Last week in spent in the US, see the photo and the caption below.
I love coming back to the USA, especially to Alaska.
Seeing the picture and the capture, I bet at least a few attentive people thought: “hey, but this photo is not made in Alaska”, and they were right it was quite obviously in Phoenix, Arizona, at the EXOS Athletes Performance Centre to precise, but about that later.
Back to the picture and the capture. Most brains immediately responded through their error detection centre or as I call it “discrepancy centre”…… “something is wrong here”.
Why simply because there are no cactuses in Alaska (and I am just assuming because I have never been there). Our brain extremely rapidly compares new information with existing information and associates this. In principle a very important survival mechanism, but also the source of errors like the one above. As a matter of fact, we are more or less convinced, let’s say brain-washed, about the superiority of our brain, often considered as being the most complex system in the universe, that we almost start to believe in it superior functioning and infallibility. But if you look further and deeper you will start to understand that our brain, like and complex system is full of design errors, bugs, filters, biases and glitches. It doesn’t really matter which brain function we observe, it could be perception (optical illusions), memory (witnesses), or decision-taking (bounded rationality). Our brain is not working as rational, undistorted and as linear as we often suppose it is. Many decisions in our lives are not taken on a rational basis but are the result of emotional and irrational inputs, of reflexes and instincts. We, that is to say, our brains are not as smart and good as we like to think it is. But the brain developed an instrument to deal with this, the brain is a great alibi-machine and story-teller. In case of any irrational discrepancy it quickly makes up an explanation to modify, or better, to minimize the discrepancy. For oneself and for others. This is of course Psychology 101, learned, but ignored or forgotten.

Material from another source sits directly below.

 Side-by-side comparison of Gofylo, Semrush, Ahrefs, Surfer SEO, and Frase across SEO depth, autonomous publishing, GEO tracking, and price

Here’s some literature if you are interested in this subject, some new, some old some bestsellers, some long-tails.
Dan Ariely: Predictably irrational; Harper Collins, 2008.
Dan Ariely: The upside of irrationality; Harper Collins, 2010.

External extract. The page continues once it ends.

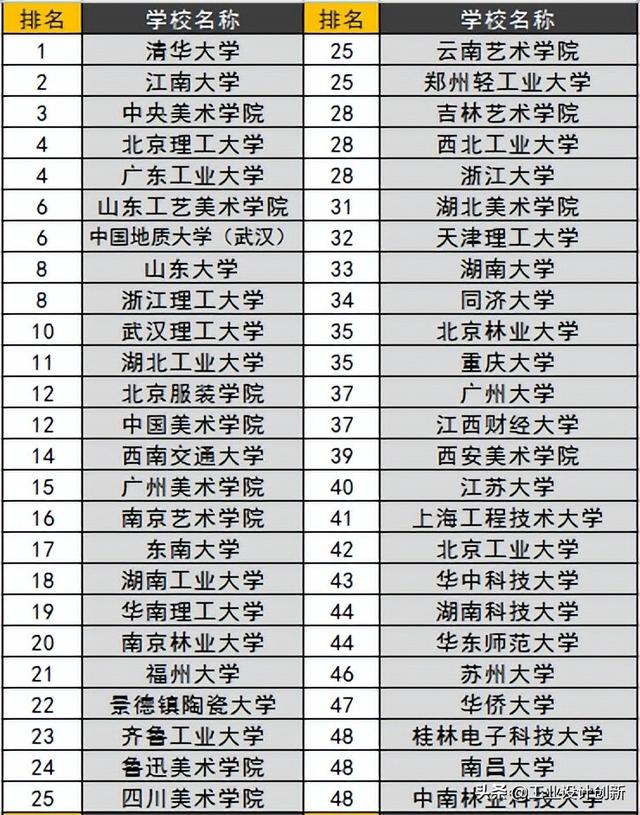 工业设计专业排名，2020全国大学工业设计专业排名（2022-工业设计/产品设计专业排名）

Daniel Kahnemann: Thinking, fast and slow; Farrar, Straus, Giroux, 2011.
Stuart Sutherland: Irrationality, the enemy within; Pinter and Martin, 2013.
Leon Festinger: When prophecy fails; Harper, 1956.
Joel Best: Why smart people fall for fads; University of California Press, 2006.
Mandel, D.R; Hilton, D.J; Catellani, P: The psychology of counterfactual thinking; Routledge, 2005.
Gigerenzer, G: Gut feelings; Allen Lane Books, 2007.
The EXOS seminar “From mystery to mastery” was a great experience for me. An opportunity to meet with Nick Winkelman and his excellent staff of people at EXOS, and with a large group of young, dedicated and very smart coaches to share my limited experience with. And last but not least, to team up with my very dear colleague and one of the brightest people I know, Dan Pfaff, an avid reader, a profound thinker, and an experienced and wise man, what a pleasure and an honour to work together with him, knowing that in 3-4 weeks we will do that again.